Summary judgment may be granted where there are no genuine issues of material fact and the movant is entitled to judgment as a matter of law. See FED. R.CIV.P. 56(c); Anderson v. Liberty Lobby, 477 U.S. 242, 247-50, 106 S.Ct. 2505, 91 L.Ed.2d 202 (1986). A fact is material only if, based on that fact, a reasonable jury could find in favor of the nonmoving party. Anderson, 477 U.S. at 248, 106 S.Ct. 2505. The burden rests on the movant to demonstrate the absence of a genuine issue of material fact. Celotex Corp. v. Catrett, 477 U.S. 317, 322, 106 S.Ct. 2548, 91 L.Ed.2d 265 (1986). In deciding whether summary judgment is appropriate, the court resolves all ambiguities and draws all permissible factual inferences against the movant. See Anderson, 477 U.S. at 255, 106 S.Ct. 2505. To defeat summary judgment, the nonmovant must go beyond the pleadings and "do more than simply show that there is some metaphysical doubt as to the material facts." Matsushita Elec. Indus. Co. v. Zenith Radio Corp., 475 U.S. 574, 586, 106 S.Ct. 1348, 89 L.Ed.2d 538 (1986). The court's role at this stage of the litigation is not to decide issues of material fact, but to discern whether any exist. See Gallo v. Prudential Residential Servs., L.P., 22 F.3d 1219, 1224 (2d Cir. 1994).

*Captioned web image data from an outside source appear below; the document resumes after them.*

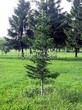 ������� ��������� ����� ��������� (Abies sibirica) - 102
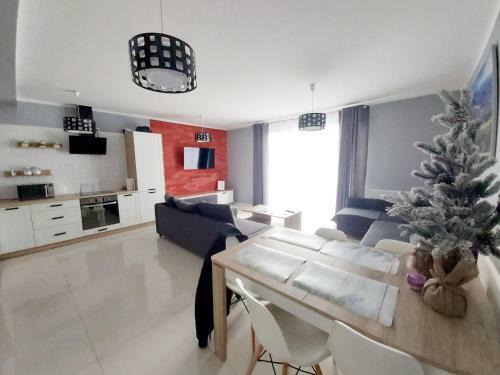 Apartament Wiktoria ?wierad�w Zdr�j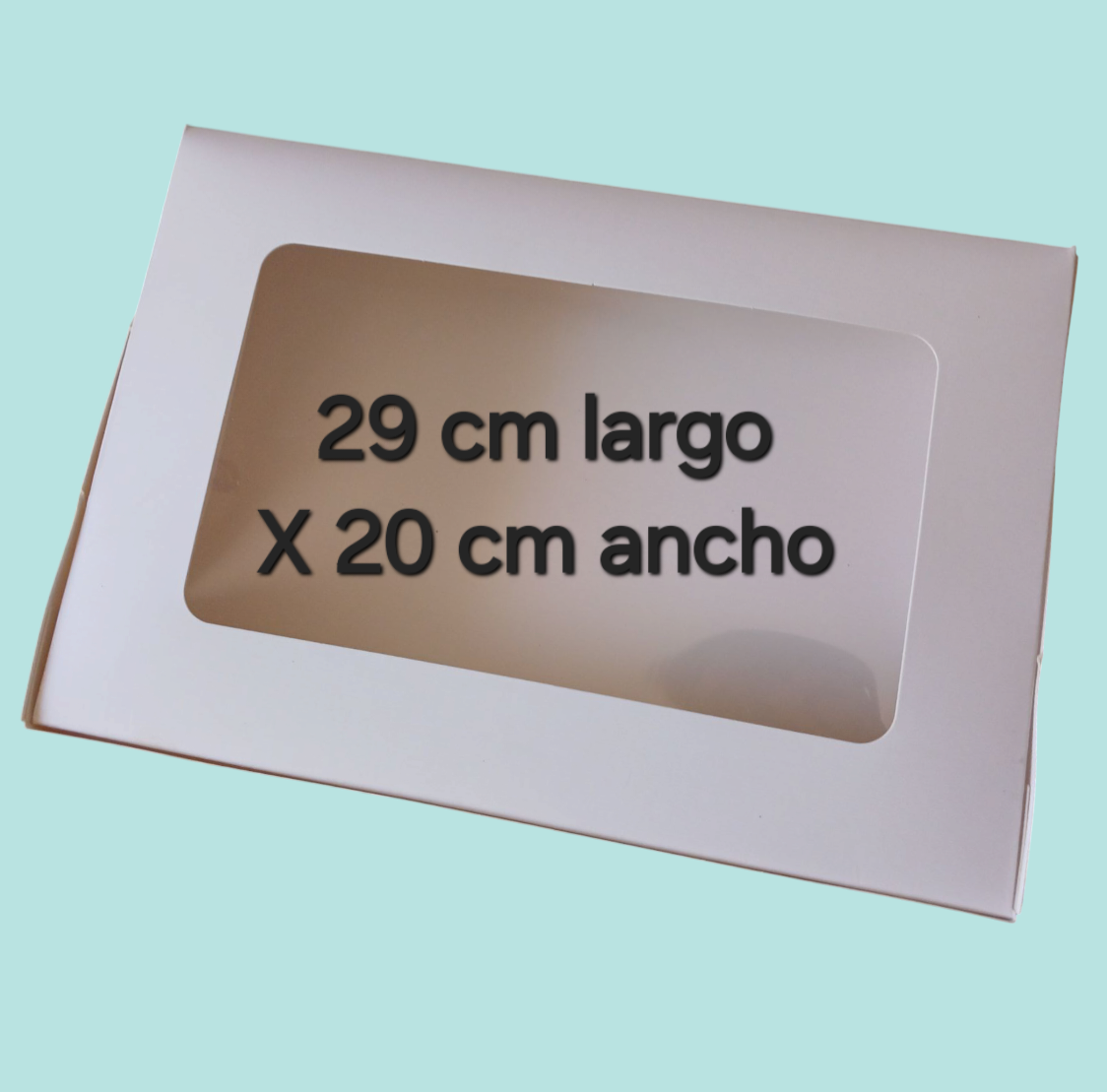Caja rectángulo con visera 29cm de largo X 20cm de ancho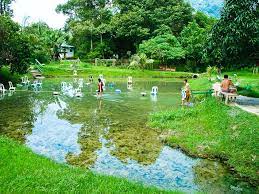 Here are seven for you to visit in malaysia. 19 Relaxing Hot Springs To Visit For Your Short Getaway In Malaysia Johor Now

II. New York Labor Law § 240(1)

Section 240(1) of the New York Labor Law, commonly referred to as the scaffold law, provides protection for construction workers who are injured while working in elevated locations. See Wojcik v. 42nd St. Dev. Project, 386 F.Supp.2d 442, 450 (S.D.N.Y.2005). In pertinent part, this statute provides:

All contractors and owners and their agents, ... in the erection, demolition, repairing, altering, painting, cleaning or pointing of a building or structure shall furnish or erect, or cause to be furnished or erected for the performance of such labor, scaffolding, hoists, stays, ladders, slings, hangers, blocks, pulleys, braces, irons, ropes, and other devices which shall be so constructed, placed and operated as to give proper protection to a person so employed.

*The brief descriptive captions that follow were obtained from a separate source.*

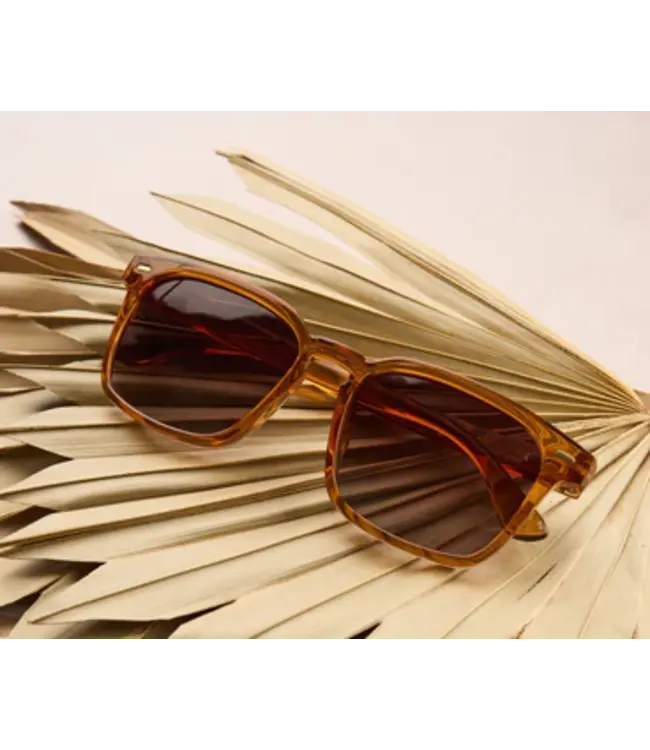 Peepers Shasta Reading Sun- Tan +2.00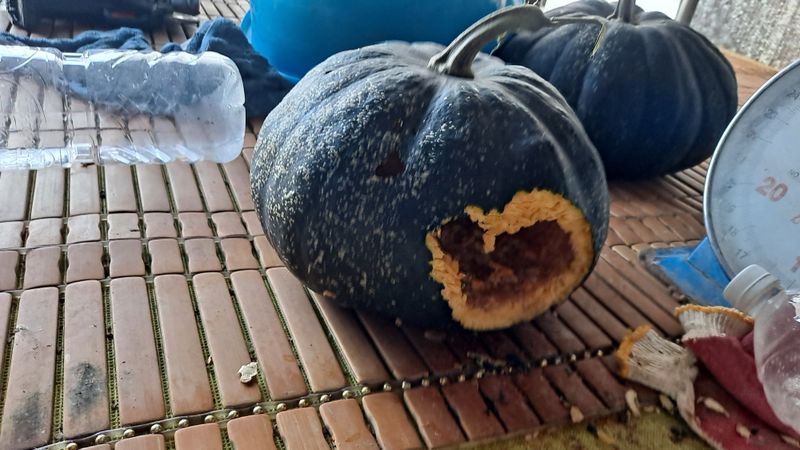 매실12249님의 장터 구매 후기 썸네일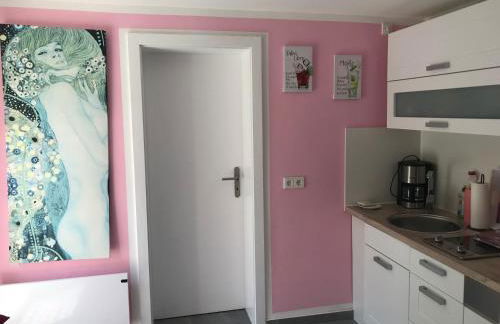 Ferienapartments Gohrisch Villa Schönblick - Foto 36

N.Y. LABOR LAW § 240(1). To prevail under this statute, a plaintiff must demonstrate that the statutory violation was the proximate cause of the sustained injury. Id. "The purpose of this section is to provide protection for workers who are subjected to elevation-related risks; the statute achieves this by imposing absolute responsibility for safety practices on owners, general contractors, and their agents, instead of on the workers themselves." Wilson v. City of New York, 89 F.3d 32, 36 (2d Cir.1996). Therefore, this section is to be interpreted liberally. See Rocovich v. Consol. Edison Co., 78 N.Y.2d 509, 513, 583 N.E.2d 932, 577 N.Y.S.2d 219 (1991) ("It is settled that section 240(1) is to be construed as liberally as may be for the accomplishment of the purpose for which it was thus framed" (citations omitted)). Indeed, "[t]he duty is nondelegable and the liability is strict; so long as the violation of the statute was the proximate cause of the worker's injuries, the owner will be liable even though it exercised no supervision or control over the plaintiffs work." Id.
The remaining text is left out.